Items from a data source:
——————————
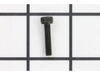 Hex. Socket Head Bolt M4X18 – Part Number: 922132-2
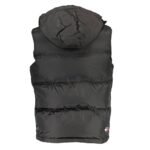 7806670jpeg - Tangoboutiq - Fashion Store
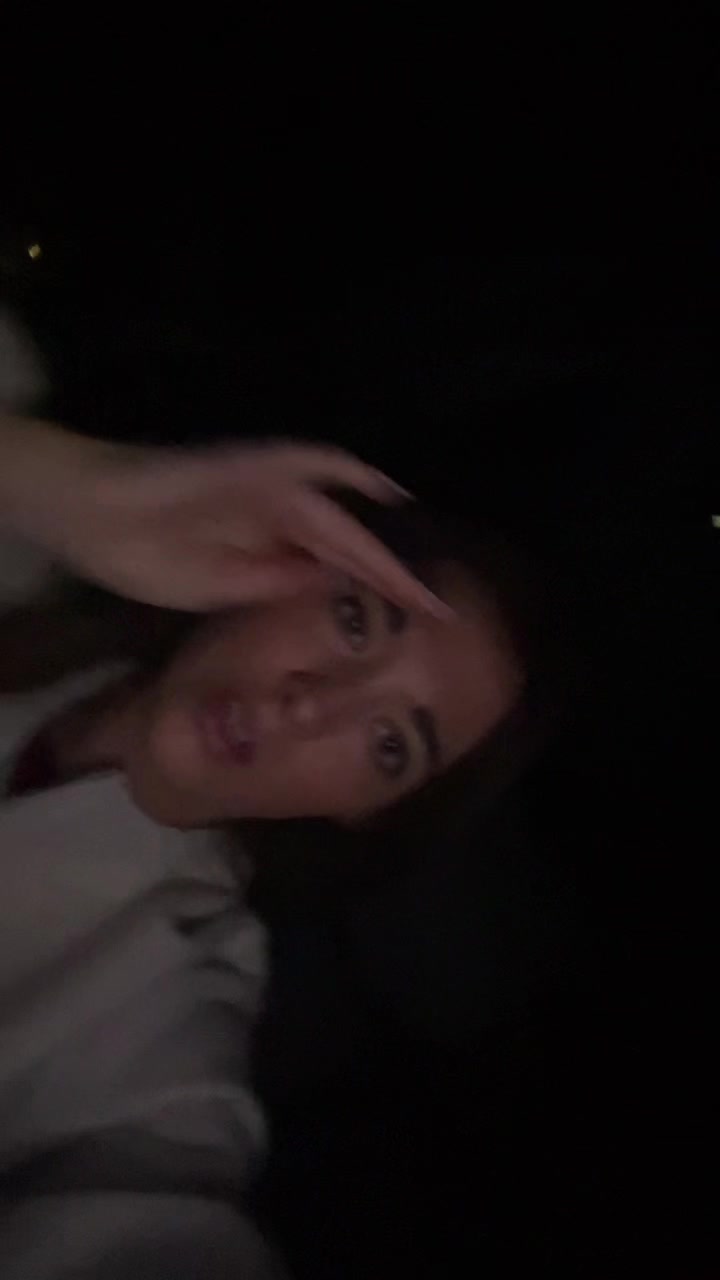 @spamm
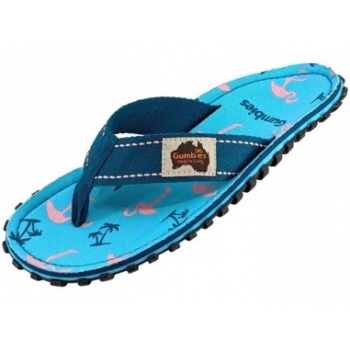 gumbies islander flip flops guffisl104 σε προσφορά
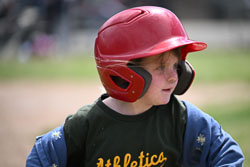 20260509-LLBB-06707.jpg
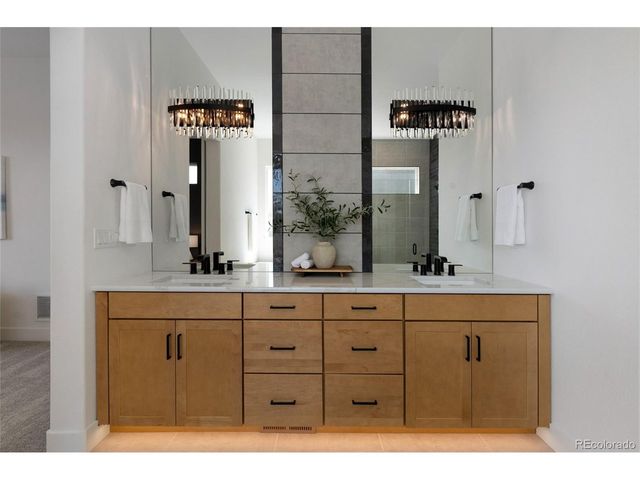 4911 Pearl Lake Way, Colorado Springs, CO 80924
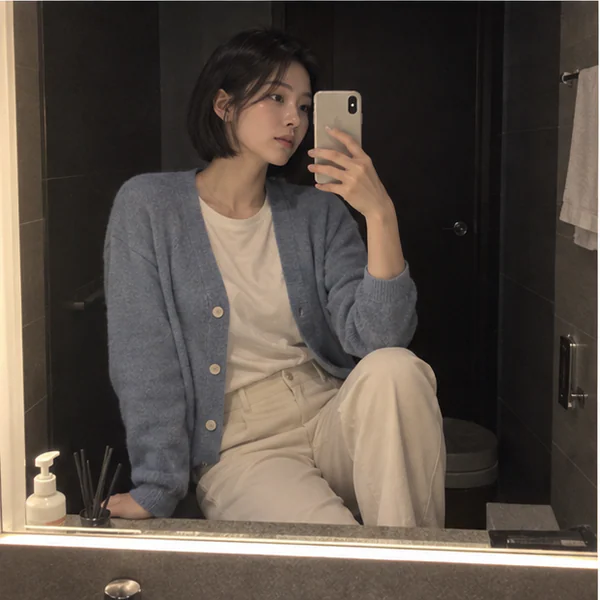서울 금천 효정 웰니스 안내 이미지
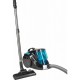 Пилосос Rowenta RO3731EA Пилосос Rowenta RO3731EA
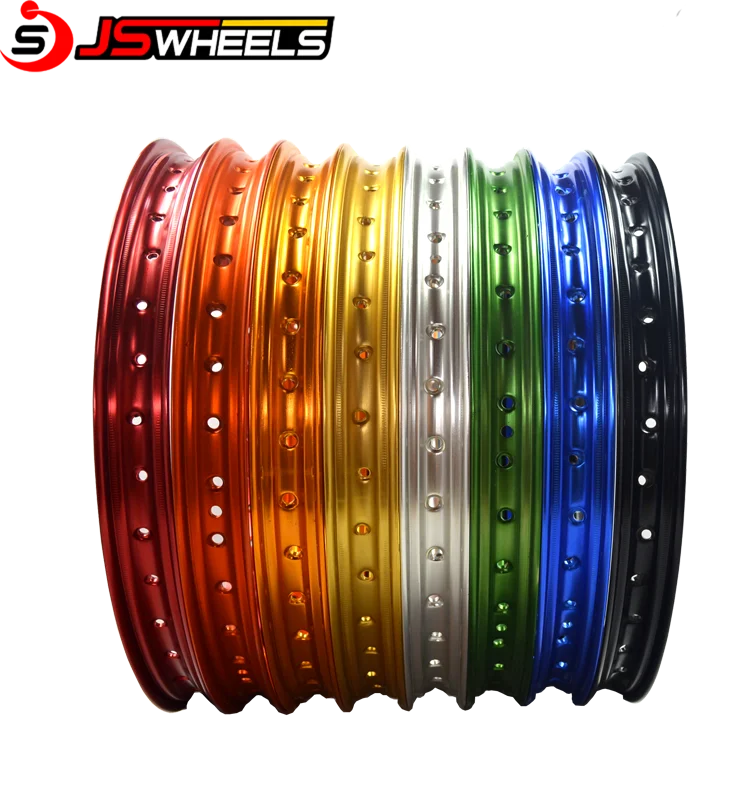 color rims (25).png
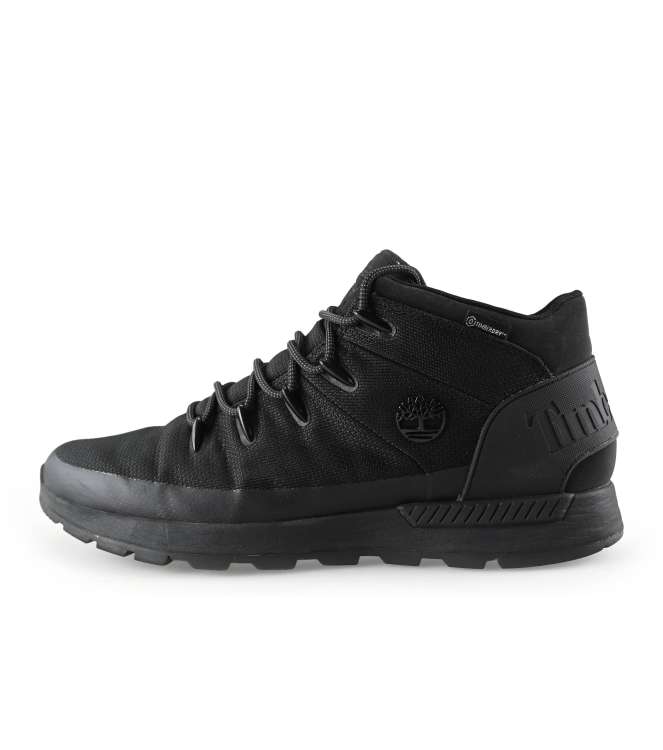 Timberland Sneaker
——————————
▶ _WORK ORDER_
Return the records above verbatim, leaving out images.

▶ _ANSWER BOX_
 Hex. Socket Head Bolt M4X18 – Part Number: 922132-2
 7806670jpeg - Tangoboutiq - Fashion Store
 @spamm
 gumbies islander flip flops guffisl104 σε προσφορά
 20260509-LLBB-06707.jpg
 4911 Pearl Lake Way, Colorado Springs, CO 80924
서울 금천 효정 웰니스 안내 이미지
 Пилосос Rowenta RO3731EA Пилосос Rowenta RO3731EA
 color rims (25).png
 Timberland Sneaker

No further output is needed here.